Shaheen on Trump Budget Outline: A Blueprint for Undermining the Health and Well-Being of Granite Staters, Particularly Seniors

March 16, 2017

**SHAHEEN: “President Trump should expect broad bipartisan opposition to this mindless proposal”**

(Washington, DC) — Senator Jeanne Shaheen (D-NH) released the following statement after reviewing the budget outline released by the Trump administration for fiscal year 2018:

“The Trump administration should immediately go back to the drawing board,” said Shaheen. “This budget is a blueprint for undermining the health and well-being of Granite Staters and would be particularly devastating for seniors. It’s needless and cruel to drastically cut programs that so many people in New Hampshire depend on like Meals on Wheels and heating assistance. It also makes no sense to cut clean air and water programs, coastal protection, and economic development to struggling rural communities.

“This budget outline also makes us less safe by decimating our nation’s diplomatic corps and underfunding airport security. I’ve always sought bipartisan cooperation to find savings across the federal government but this can done without disproportionately targeting programs that are so important to New Hampshire. Republicans and Democrats agree that there should be continued investments in these programs and President Trump should expect broad bipartisan opposition to this mindless proposal.”  

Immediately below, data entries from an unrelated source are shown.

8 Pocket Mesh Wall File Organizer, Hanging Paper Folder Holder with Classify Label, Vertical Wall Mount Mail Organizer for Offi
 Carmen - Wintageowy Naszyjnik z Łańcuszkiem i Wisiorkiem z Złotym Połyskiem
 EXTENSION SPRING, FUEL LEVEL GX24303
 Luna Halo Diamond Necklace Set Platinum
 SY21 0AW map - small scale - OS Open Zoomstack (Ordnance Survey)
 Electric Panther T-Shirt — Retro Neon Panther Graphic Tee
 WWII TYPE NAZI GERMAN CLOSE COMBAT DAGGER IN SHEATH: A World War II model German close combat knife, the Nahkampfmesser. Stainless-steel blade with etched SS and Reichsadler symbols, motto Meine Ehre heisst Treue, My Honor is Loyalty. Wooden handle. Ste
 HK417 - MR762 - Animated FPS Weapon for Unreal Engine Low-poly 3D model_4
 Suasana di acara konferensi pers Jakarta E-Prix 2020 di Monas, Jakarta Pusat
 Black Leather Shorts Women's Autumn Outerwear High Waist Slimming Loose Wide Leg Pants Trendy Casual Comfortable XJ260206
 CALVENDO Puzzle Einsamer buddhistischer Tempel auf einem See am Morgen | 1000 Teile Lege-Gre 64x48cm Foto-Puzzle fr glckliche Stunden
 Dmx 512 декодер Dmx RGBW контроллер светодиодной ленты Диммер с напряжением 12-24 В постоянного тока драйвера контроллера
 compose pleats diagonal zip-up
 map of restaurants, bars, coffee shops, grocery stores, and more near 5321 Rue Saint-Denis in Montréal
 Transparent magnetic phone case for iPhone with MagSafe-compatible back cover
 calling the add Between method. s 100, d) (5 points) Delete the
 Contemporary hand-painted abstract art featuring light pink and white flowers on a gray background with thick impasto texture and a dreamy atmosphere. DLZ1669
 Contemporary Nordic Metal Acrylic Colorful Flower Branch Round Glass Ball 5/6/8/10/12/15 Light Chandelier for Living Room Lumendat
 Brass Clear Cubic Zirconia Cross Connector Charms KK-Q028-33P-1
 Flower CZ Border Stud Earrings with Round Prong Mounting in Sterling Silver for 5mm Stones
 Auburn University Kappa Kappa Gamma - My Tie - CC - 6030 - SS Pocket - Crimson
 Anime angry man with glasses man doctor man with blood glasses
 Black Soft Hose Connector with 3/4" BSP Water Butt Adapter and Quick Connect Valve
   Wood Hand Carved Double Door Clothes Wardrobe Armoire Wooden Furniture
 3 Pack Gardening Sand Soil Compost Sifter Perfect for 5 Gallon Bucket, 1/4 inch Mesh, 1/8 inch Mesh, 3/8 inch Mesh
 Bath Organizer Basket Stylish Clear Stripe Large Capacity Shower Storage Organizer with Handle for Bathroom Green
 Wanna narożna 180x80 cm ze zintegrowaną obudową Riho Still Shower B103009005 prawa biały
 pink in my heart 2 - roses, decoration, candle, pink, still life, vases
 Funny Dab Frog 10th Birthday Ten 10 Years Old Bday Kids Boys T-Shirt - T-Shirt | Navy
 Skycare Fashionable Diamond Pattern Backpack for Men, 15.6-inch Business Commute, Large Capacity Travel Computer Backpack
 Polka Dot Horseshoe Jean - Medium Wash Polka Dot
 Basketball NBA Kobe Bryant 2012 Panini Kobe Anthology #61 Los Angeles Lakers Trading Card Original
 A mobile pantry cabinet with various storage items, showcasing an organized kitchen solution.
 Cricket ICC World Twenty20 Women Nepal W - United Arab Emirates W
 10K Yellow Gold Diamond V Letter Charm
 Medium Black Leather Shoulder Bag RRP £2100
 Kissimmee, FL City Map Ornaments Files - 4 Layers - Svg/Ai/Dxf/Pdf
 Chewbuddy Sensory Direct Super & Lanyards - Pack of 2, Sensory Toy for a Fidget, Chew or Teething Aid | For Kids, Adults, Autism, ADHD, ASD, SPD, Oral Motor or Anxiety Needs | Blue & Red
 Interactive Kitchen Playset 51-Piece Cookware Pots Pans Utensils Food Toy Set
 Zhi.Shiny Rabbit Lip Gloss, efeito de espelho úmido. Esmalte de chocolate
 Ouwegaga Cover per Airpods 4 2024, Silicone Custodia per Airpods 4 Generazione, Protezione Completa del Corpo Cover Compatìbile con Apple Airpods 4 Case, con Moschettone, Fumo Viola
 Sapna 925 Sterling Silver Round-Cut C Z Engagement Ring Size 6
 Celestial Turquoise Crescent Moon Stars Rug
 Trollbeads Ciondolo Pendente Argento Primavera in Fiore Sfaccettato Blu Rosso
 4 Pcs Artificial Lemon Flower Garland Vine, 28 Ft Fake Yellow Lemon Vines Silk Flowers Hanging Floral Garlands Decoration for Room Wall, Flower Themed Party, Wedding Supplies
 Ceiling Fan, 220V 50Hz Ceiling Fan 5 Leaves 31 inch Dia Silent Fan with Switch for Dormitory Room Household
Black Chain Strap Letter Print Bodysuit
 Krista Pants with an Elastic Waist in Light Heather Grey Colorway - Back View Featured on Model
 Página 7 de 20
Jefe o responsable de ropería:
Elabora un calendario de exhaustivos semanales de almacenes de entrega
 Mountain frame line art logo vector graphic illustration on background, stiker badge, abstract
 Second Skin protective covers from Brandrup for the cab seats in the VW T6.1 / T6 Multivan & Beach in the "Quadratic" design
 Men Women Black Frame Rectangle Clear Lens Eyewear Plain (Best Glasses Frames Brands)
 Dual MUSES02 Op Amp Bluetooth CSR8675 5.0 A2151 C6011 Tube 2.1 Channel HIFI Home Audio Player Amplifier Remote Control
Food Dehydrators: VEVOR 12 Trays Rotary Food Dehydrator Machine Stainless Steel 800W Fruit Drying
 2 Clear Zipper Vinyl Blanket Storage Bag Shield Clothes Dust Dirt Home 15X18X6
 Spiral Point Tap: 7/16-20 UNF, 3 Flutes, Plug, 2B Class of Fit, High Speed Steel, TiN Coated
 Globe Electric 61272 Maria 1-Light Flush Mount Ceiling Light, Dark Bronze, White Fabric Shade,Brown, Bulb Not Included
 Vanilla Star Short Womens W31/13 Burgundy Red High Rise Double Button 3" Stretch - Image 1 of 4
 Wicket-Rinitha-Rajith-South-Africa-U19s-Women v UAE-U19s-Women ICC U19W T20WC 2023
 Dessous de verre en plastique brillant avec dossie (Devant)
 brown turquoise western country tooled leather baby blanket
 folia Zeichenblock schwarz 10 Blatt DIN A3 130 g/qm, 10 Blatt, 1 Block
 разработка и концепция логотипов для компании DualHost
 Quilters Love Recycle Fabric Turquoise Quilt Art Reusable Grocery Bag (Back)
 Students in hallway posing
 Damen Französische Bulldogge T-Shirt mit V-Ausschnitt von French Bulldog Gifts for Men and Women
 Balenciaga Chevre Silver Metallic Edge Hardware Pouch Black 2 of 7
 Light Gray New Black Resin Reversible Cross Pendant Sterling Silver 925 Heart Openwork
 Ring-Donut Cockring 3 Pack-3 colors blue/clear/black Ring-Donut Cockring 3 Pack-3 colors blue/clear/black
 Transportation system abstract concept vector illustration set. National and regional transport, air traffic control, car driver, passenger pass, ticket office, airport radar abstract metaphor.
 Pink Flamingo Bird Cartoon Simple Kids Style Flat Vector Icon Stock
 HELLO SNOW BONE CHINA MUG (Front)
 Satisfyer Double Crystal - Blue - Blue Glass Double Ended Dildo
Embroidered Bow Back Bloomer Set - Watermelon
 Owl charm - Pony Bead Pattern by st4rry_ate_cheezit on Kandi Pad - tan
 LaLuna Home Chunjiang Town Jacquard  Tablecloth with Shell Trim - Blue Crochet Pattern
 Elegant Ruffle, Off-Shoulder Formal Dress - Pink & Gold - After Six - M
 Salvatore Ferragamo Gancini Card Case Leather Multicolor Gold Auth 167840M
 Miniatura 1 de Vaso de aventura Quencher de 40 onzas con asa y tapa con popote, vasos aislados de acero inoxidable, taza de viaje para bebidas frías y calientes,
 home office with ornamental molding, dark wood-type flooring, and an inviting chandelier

The following are some of the devastating proposals included in the Trump administration’s budget outline:

  • Eliminating the Northern Border Regional Commission, which has invested millions in economic development projects in Coos, Grafton, Carroll and Sullivan counties;
  • Eliminating the Low Income Home Energy Assistance Program, which provides heating assistance to New Hampshire families and seniors during winter months;
  • Eliminating the Weatherization Assistance Program, which helps lower the cost of energy for low-income families by making energy efficiency modifications to their homes; 
  • A 31 percent cut to the Environmental Protection Agency (EPA), including grant programs that have helped New Hampshire fight air pollution, improve water quality, as well as a major cut to Superfund cleanup efforts.